トーマスは、ゲージには普段から慣れさせていました。 犬がダメな人が多いというアラブの土地柄、ゲージにいれて郊外へ散歩に出かける事が多かったため、幸か不幸か、ゲージ=お散歩=楽しいこと、というイメージを持ってくれたみたいです。

我慢しきれず、排泄した場合のことを考えて、底に敷くすのこを入れようかと相談したら、「飛行機の思わぬ揺れで、すのこがズレるかもしれないから、お勧めできない。古タオルを敷いて置く程度で十分」とこれも獣医師からアドバイスもらいました。 
 トーマスも、使い慣れたタオルを敷いてやりました。少しは安心して座れていたのではと思います。

えさ、水をゲージに入れるかですが、航空会社によっては、入れないようにとの指示があるかもしれません。

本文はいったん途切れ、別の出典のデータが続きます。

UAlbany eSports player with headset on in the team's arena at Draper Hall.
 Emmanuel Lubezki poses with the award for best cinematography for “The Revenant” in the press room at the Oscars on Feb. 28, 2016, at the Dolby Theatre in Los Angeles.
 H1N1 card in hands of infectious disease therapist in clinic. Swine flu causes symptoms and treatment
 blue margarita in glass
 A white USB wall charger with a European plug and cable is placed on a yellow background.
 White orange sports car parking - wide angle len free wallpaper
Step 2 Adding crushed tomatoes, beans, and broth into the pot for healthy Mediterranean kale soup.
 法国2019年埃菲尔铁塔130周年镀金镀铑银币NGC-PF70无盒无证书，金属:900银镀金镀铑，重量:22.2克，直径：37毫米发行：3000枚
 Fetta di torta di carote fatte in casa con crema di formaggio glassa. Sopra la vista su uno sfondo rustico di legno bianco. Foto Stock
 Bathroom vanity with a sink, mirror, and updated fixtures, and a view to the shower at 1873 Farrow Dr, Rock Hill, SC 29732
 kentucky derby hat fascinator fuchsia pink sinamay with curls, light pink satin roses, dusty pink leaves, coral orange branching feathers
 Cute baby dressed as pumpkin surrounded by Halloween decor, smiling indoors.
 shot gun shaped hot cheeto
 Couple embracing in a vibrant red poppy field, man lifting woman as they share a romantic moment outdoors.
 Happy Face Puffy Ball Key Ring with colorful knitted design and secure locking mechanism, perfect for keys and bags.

トーマスは、シンガポール航空でしたが、とくに指示はありませんでした。 
 しかし、獣医師の指示で、飛行機酔い、排泄のことを考え、食事も乗る半日前に済ませ、水とトイレを登場手続き前に済ませるようにとのことでした。トーマスは、の隣町ドバイ(車で1時間半)からの便でしたので、ドバイまでの輸送、搭乗手続き、トイレ、水などの世話は、いつもお世話になっていた獣医さんの手配のもと、やってもらいました。

・ゲージの貸し出しも、航空会社によってはあるらしいです。 数が限られているようなので、予約が必要と思います。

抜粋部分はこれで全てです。